Anyway, some groups on campus were performing "various selected scenes from Les Miserables" in this crazy-ass barn. I had snuck in and was off to the side when two people performed "A Little Fall of Rain" (and really in Japanese in my dream; I can remember the exact words that well, already, lol :-P), entirely in Japanese. Then, in the middle of the song, Lara and a couple of kids I figured also had to be from my Japanese class (they were standing creepily in the shadows) drag me up and out to the second floor, where I could watch down through the hole in the ceiling, being all like "You have to hear the Japanese from above; it's better that way," or something. I ended up sitting with a bunch of people speaking Japanese. It was okay, I guess . . .
. . . until the next group walked on, which was performing the whole barricade sequence-- complete with gunshots that were definitely fireworks and definitely enough to bring the barn down. It kept shaking and I thought I was going to be sick.
(Come to think about it, that's probably when it stormed last night-- all that shaking and rumbling; I woke up this morning-- around 10:00, I guess-- with my clock completely wrong-- forever preserved at 2:45 am, lol-- and realized that it had completely stormed, last night, lol . . . )
Anyway, after that, I had to leave-- there was going to be a capella interpretations of Les Mis songs, and, for some reason, I just didn't think I could stand that, in my dream, lol . . . So I walked out onto the quad (this freaky little barn, there, you see, was just taking the place of Graham Chapel, or something . . . ). So then I was accosted by some kid who knew I liked Les Mis and knew I liked Japanese and therefore knew I liked Japanese Les Mis and was like, "You realize Les Mis can never work in Japan"-- and we had a full-out discussion/debate about the applicability of Les Mis in Japanese society, lol . . .

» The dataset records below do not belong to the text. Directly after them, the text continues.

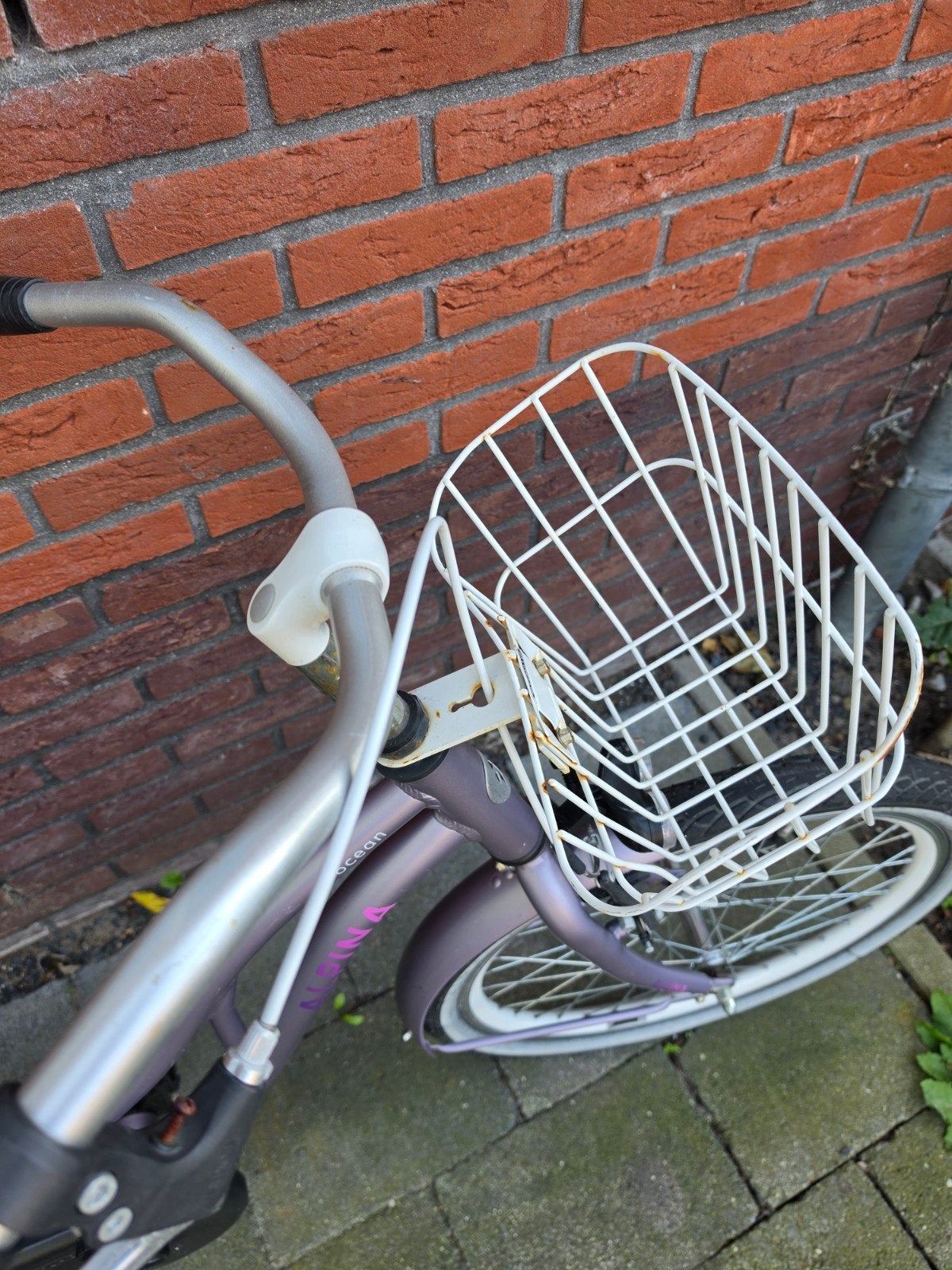 Alpina kinderfiets 20 inch met mandje, Terugtraprem, Gebruikt, Alpina, Ophalen of Verzenden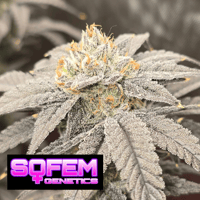 Image 1 of SoFem ~ Cherry Cheetah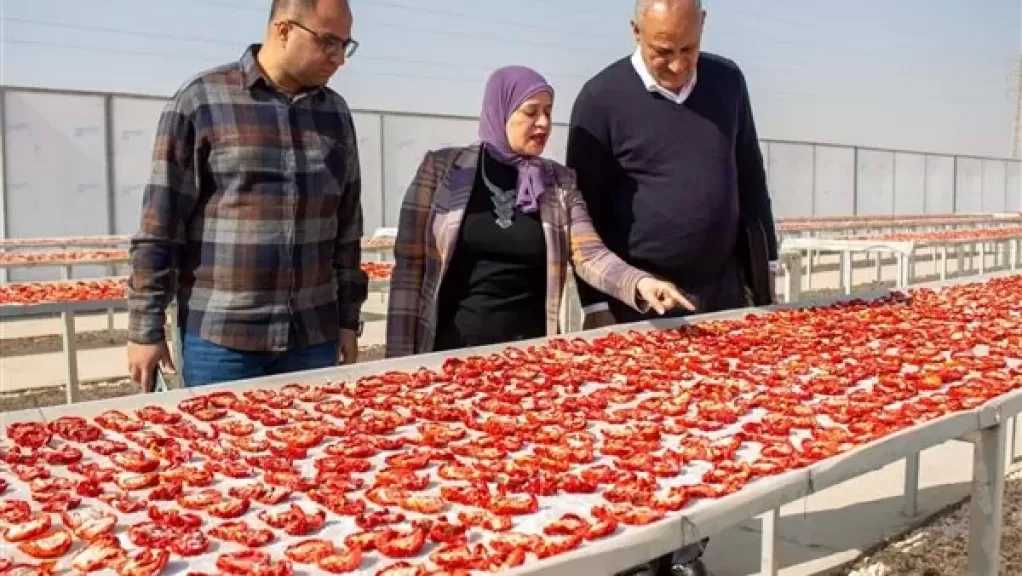 الزراعة تنظم ورشة عمل بالأقصر لدعم منتجي ومصدري الطماطم الطازجة والمجففة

Then, I get cut off by this obnoxious, smarmy, wormy-looking kid carrying a pack of business cards. He goes, "Do you like science?"
. . . and I go, "Um, yeah, I guess . . . " and then I'm like, "Oh! Shit! No! No! No!" because I realize it is the Scientology people (lol). I try to hand back my card to them, but the boy like, "Mwahaha! No!" and moves on to the next person. I don't read the front of the card, but flip it over and realize there is carved into the back-- not written, not even written-carved, just like rudely taken a knife to it-- "Don't Be A Heretic."
(I guess this technically becomes a nightmare, now, because I am terribly afraid of religious fanatics, and, well, they really count as them, lol . . . )
. . . but then it just gets a little bit worse. While Scientology boy goes off to accost Les Mis-Japanese-accosting boy (poor kid-- he and I had some great discussions, we did, however unreal how very much so he was, lol . . . ), I turn around and find Keith waiting behind me. He, too, is holding a Scientology card and looking very perplexed.
I can't figure out what the hell is wrong with him; he looks different, for some reason.
Then I realize he doesn't have any eyebrows.
The moral of the story is: Les Mis is awesome, and the Scientologists will steal your eyebrows.
no subject
Date: 2006-05-13 09:17 am (UTC)Can you draw a picture of Keith without his eyebrows?